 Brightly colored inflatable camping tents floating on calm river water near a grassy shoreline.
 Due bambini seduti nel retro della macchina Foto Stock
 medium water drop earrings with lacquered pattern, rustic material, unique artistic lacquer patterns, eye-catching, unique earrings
--
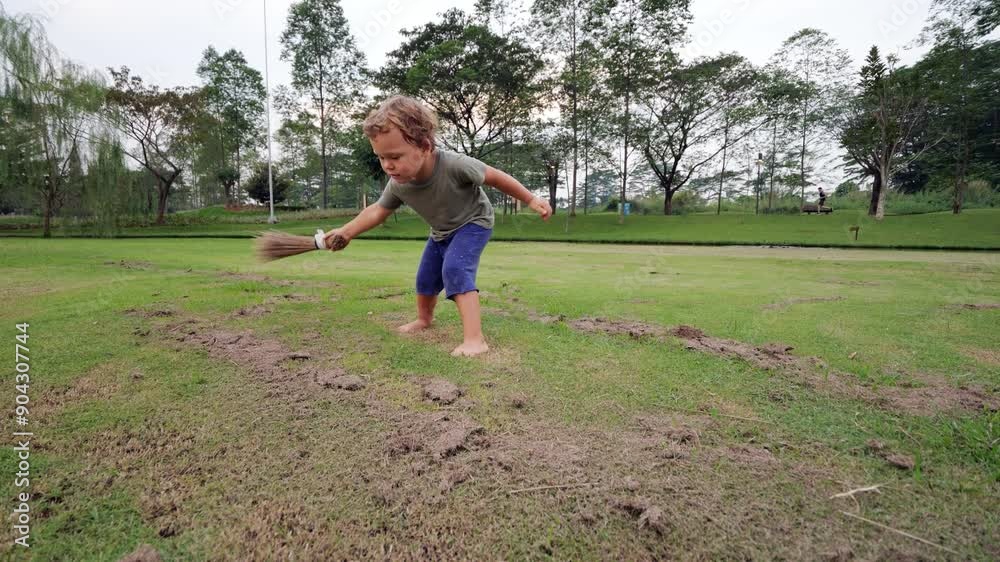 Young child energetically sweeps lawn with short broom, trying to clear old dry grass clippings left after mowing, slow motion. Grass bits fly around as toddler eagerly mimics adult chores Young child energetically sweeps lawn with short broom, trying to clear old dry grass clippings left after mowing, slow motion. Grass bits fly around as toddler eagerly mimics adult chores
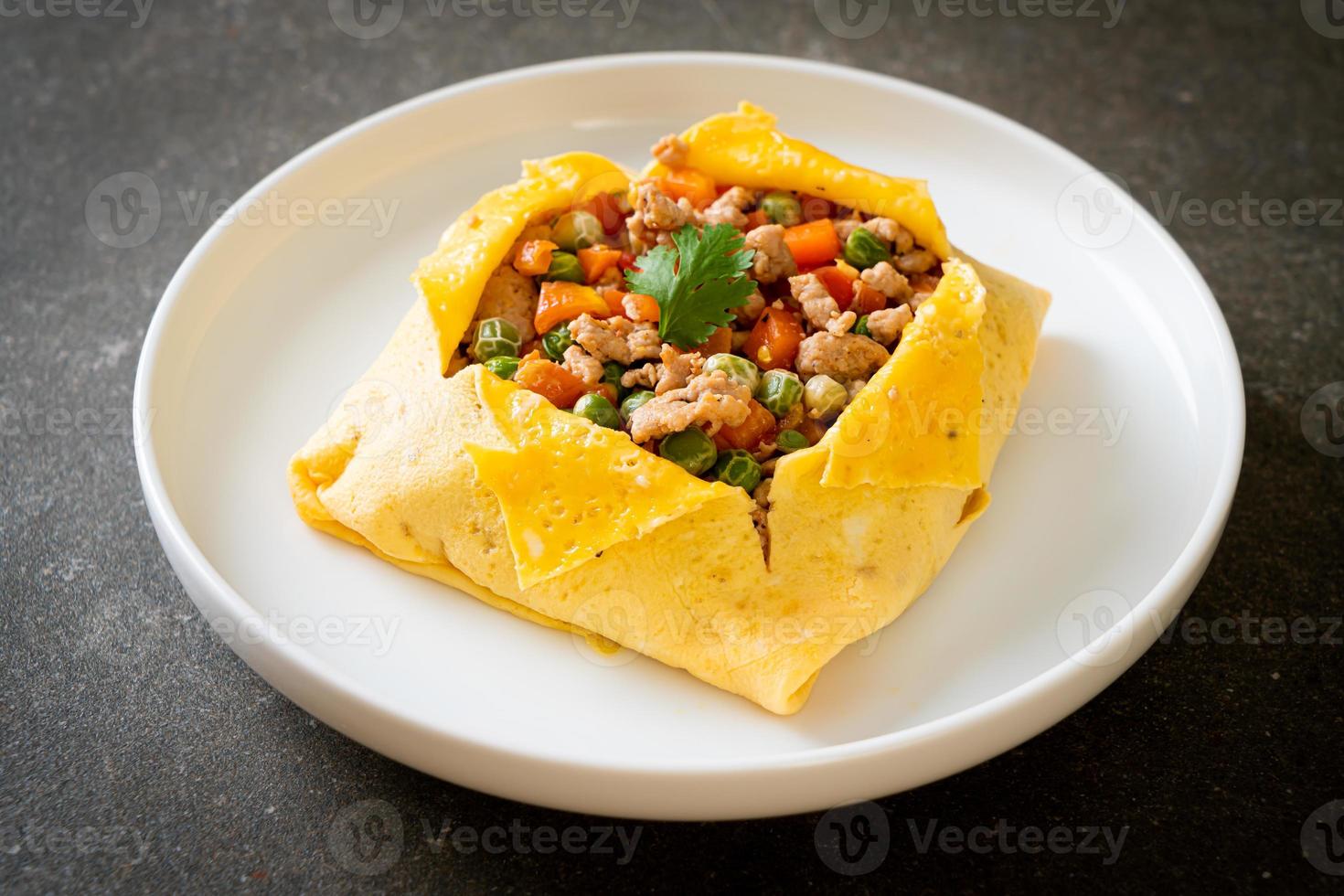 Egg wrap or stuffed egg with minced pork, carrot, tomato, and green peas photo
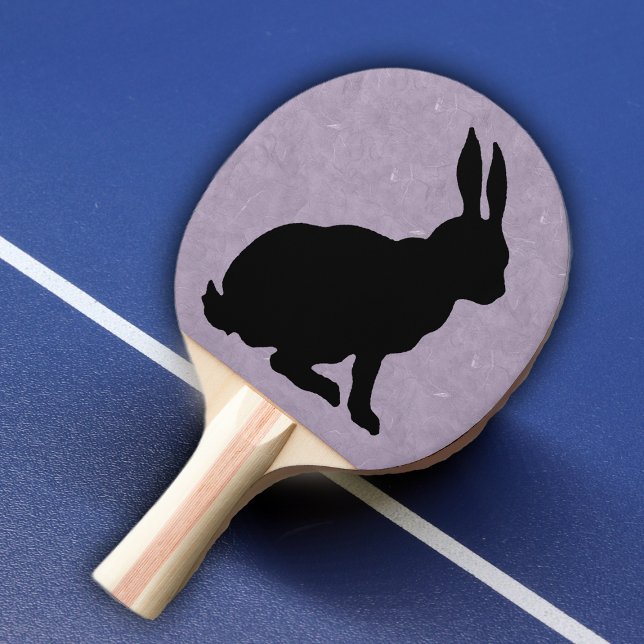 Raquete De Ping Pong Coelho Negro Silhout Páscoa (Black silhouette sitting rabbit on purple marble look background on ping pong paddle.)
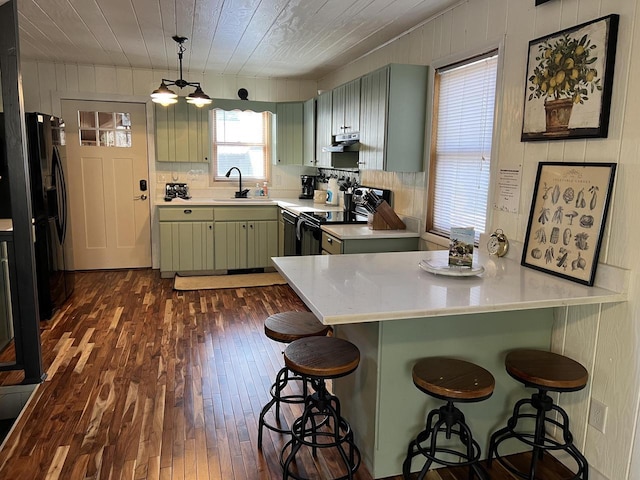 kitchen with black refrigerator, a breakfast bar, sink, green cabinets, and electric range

_Assignment_.
Where the string "water" occurs in the data, return the whole line.

_Response_.
 Brightly colored inflatable camping tents floating on calm river water near a grassy shoreline.
 medium water drop earrings with lacquered pattern, rustic material, unique artistic lacquer patterns, eye-catching, unique earrings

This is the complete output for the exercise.